Question 1 5 / 5 points
Which item below would NOT be a quality of financial reporting issue related to the balance sheet?
Question options:
Mismatching the type of debt (short or long-term) used to finance assets
Discretionary expenses
Overvaluation of assets
Off-balance sheet financing
Question 2 5 / 5 points
Which of the following statements is FALSE?
Question options:
Companies are allowed to use more than one inventory valuation method.
LIFO is an income tax concept.
Using FIFO for high-technology products makes sense if the firm is trying to reduce taxes because the technology industry is generally deflationary.
Companies using IFRS may not reverse entries for inventory write-downs if the market recovers.
Question 3 5 / 5 points
Which of the following statements is FALSE?
Question options:
Common-size balance sheets allow for comparison of firms with different levels of total assets by introducing a common denominator.
The common-size balance sheet reveals the composition of assets within major categories.
Each item on a common-size balance sheet is expressed as a percentage of sales.

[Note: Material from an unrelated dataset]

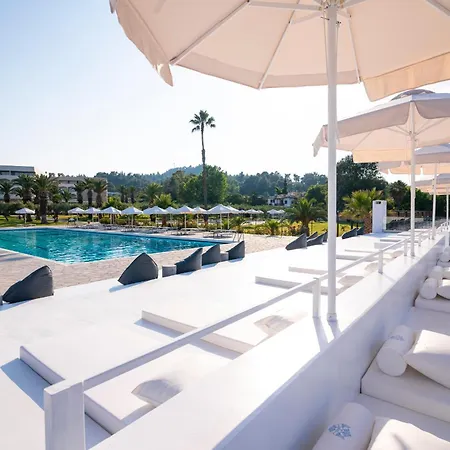 Kassandra Palace Seaside Resort 5*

The common-size balance sheet reveals the capital and the debt structure of the firm.
Question 4 5 / 5 points
Companies that are paid in advance for services or products record a(n) __________ on the receipt of cash referred to as unearned revenue or deferred credits.
Question options:
liability
receivable
asset
accrued asset
Question 5 5 / 5 points
A __________ expresses each item on the balance sheet as a percentage of total assets.
Question options:
ratio balance sheet
common-size balance sheet
relative balance sheet
usual and customary
Question 6 5 / 5 points
The balance sheet is also called the:
Question options:
statement of future.
statement of welfare.
statement of condition.
statement of potential position.
Question 7 0 / 5 points
How are deferred taxes recorded on the balance sheet?
Question options:
As current or noncurrent liabilities
As stockholders' equity
As noncurrent assets or noncurrent liabilities
As current or noncurrent assets or liabilities
Question 8 5 / 5 points
What are current assets?
Question options:
Assets purchased within the last year
Assets which will be used within the next month
Assets are the net working capital of the firm
Assets expected to be converted into cash within one year or operating cycle
Question 9 5 / 5 points
How are marketable securities valued on the balance sheet?
Question options:
Historical cost
At cost or fair value depending on how the securities are classified
Market value
At fair value with the difference between cost and fair value reported as revenue
Question 10 5 / 5 points
Which of the following items would NOT be classified as cash equivalents?
Question options:
U.S. Treasury bills
Trading securities
Commercial paper
Money market funds
Question 11 5 / 5 points
The net realizable value of accounts receivable is the actual amount of the account less an allowance for __________ accounts.
Question options:
future
questionable
unknown
doubtful
Question 12 5 / 5 points
Assume the following purchases of inventory for ABC Company and use this information to answer the following question.
Purchase # Purchase Price
1 $3
2 $4
3 $5
4 $6
5 $7
Assume ABC uses the average cost method of inventory valuation. What unit cost would be used to determine the amount in ending inventory or cost of goods sold?
Question options:
$3
$5
$7
$25
Question 13 5 / 5 points
Which of the following items should alert the analyst to the potential for manipulation when analyzing accounts receivable and the allowance for doubtful accounts?
Question options:
Sales, accounts receivable and the allowance for doubtful accounts are all growing at approximately the same rate.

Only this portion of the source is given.